By Aditya Chamaria,
The travel and tourism industry represents 8% of the GDP and an equal volume of jobs; look at the weight to which this industry has been subjected; losses have reached nearly Rs. 200-500 crores, over the past two years. In the midst of these trials and tribulations, comes the announcement by the Minister of Finance specifically targeting a section of travel and tourism actors that includes tour guides (TG) and tour operators and travel agents (TTS). This statement comes as a recognition by the government of the challenges facing the sector. However, the range of companies involved in the industry in particular is wide and remains unhappy with the blow dealt by the two waves of the pandemic.
The travel and tourism industry is widely spread across a variety of segments, including airlines, hospitality, IATA agents, cable cars, travel groups, and more. Much of them have had incredibly low incomes since the pandemic hit. This makes the need of the hour to be increased in the amount of support offered to tourism service providers, and it should be somewhat aligned with company size, turnover and employment opportunities. offered.
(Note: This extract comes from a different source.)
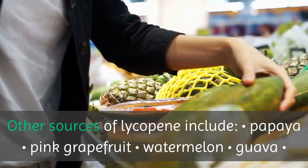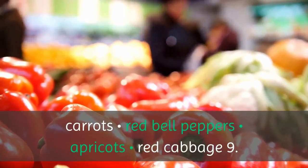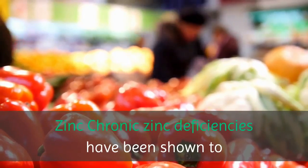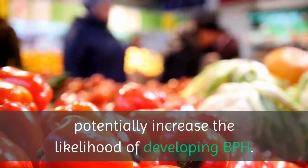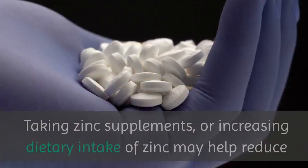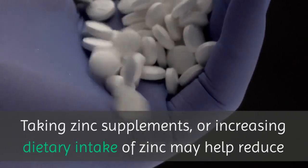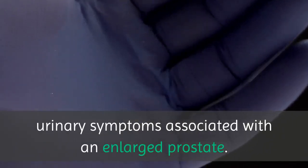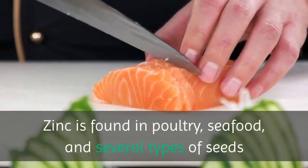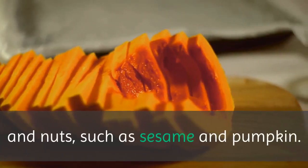Other sources of lycopene include papaya, pink grapefruit, watermelon, guava, carrots, red bell peppers, apricots, and red cabbage. 9. Zinc. Chronic zinc deficiencies have been shown to potentially increase the likelihood of developing BPH. Taking zinc supplements, or increasing dietary intake of zinc, may help reduce urinary symptoms associated with an enlarged prostate. Zinc is found in poultry, seafood, and several types of seeds and nuts, such as sesame and pumpkin.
The issuance of free 5 lakh visas will certainly boost stakeholder morale and have positive effects on associated businesses, only when India’s positioning as a safer tourist destination is promoted on the global front. This seems like a far-fetched proposition as the nation has just emerged from Wave 2, and the fear of Wave 3 lurks behind it, as medical experts suggest. The extended loan benefits are only expected to benefit a portion of registered travel and tourism players, but interest rates remain a concern.
The easing was expected in the form of cash payments, or relief grants rather than government guaranteed loans. Since stakeholders are already burdened with additional costs due to the closure of business activities, only a few would be interested in increasing the burden on their finances by applying for a loan. One of these associated segments, cable cars and cable cars, employ a variety of skilled and unskilled workers at their project sites. The cable car industry has long called for the GST on cable cars to be reduced, so that it can be brought up to par with other commuting options in the travel and tourism industry. Another suggestion from the cable car industry has been easing loan repayment and speeding up the process of disbursing funds for government funded projects.
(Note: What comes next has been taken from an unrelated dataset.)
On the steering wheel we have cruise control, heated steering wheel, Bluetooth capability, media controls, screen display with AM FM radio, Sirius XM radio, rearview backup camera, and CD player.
Looking at the current state of the economy and businesses, we understand that the authorities and the Ministry of Finance operate under many constraints and constraints. However, genuine and experienced domestic actors who paid their taxes on time rightly deserve some sort of financial boost or SOPs that help them get back on their feet and improve their chances of providing and sustaining employment opportunities. generated and created by them over many years. This will certainly make the goal of reviving the travel and tourism industry achievable and substantial.
(The author is the Managing Director of Damodar Ropeways & Infra Limited. Opinions expressed are personal and do not reflect the official position or policy of Financial Express Online.)